Wednesday, September 12, 2007
And like I said before, Russia's not our friend either
Did I not say a month or so ago that Russia’s government is NOT our friend?
Maybe I’m just having 1987 flashbacks to the Cold War while reminiscing about my high school days 20 years ago, but I could swear that the news has been full of incidents of the Russian Air Force sending out probing flights of ancient Tupolev Tu-95 Bear bombers to the edges of the sovereign airspace of Iceland, within cruise missile striking distance of the US, and towards the US base on Guam, and alongside Tu-22M Backfire and Tu-160 Blackjack bombers in groups of up to eleven planes around Norwegian airspace. One of the Norwegian flights turned south towards Scotland, trailed by Norwegian F-16’s and were intercepted by British Tornado fighters in British airspace before returning to their bases.
It’s been years since the Kremlin has sent nuclear-capable bombers on such overflights, and it smacks of the sort of Cold War saber-rattling made famous by the former Soviet Union. Granted, the Bear is a decrepit old 1950’s airframe, and the Backfire dates back to the early 70’s, but the Blackjack is pretty modern, based upon our B-1B Lancer and only about 20 years old.
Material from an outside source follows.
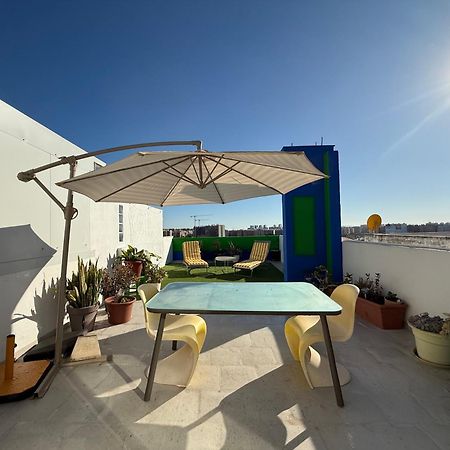 דירות Petite Penthouse With The Sunniest Terrace In ולנסיה מראה חיצוני תמונה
Speaking after Russian and Chinese forces completed major war games exercises for the first time on Russian turf, Vladimir Putin said a halt in long-range bombers' flights after the Soviet collapse had affected Russia's security as other nations had continued such missions — an oblique reference to the United States. About the flights, our best-buddy Putin stated, "I have made a decision to resume regular flights of Russian strategic aviation. We proceed from the assumption that our partners will view the resumption of flights of Russia's strategic aviation with understanding… Starting in 1992, the Russian Federation unilaterally suspended strategic aviation flights to remote areas. Regrettably, other nations haven't followed our example. That has created certain problems for Russia's security…Starting today such tours of duty would be conducted regularly and on the strategic scale. Our pilots have been grounded for too long; they are happy to start a new life." I bet. Flying an 18-hour mission over water is always more fun than being an unpaid guy on the ground making vodka from de-icing solution.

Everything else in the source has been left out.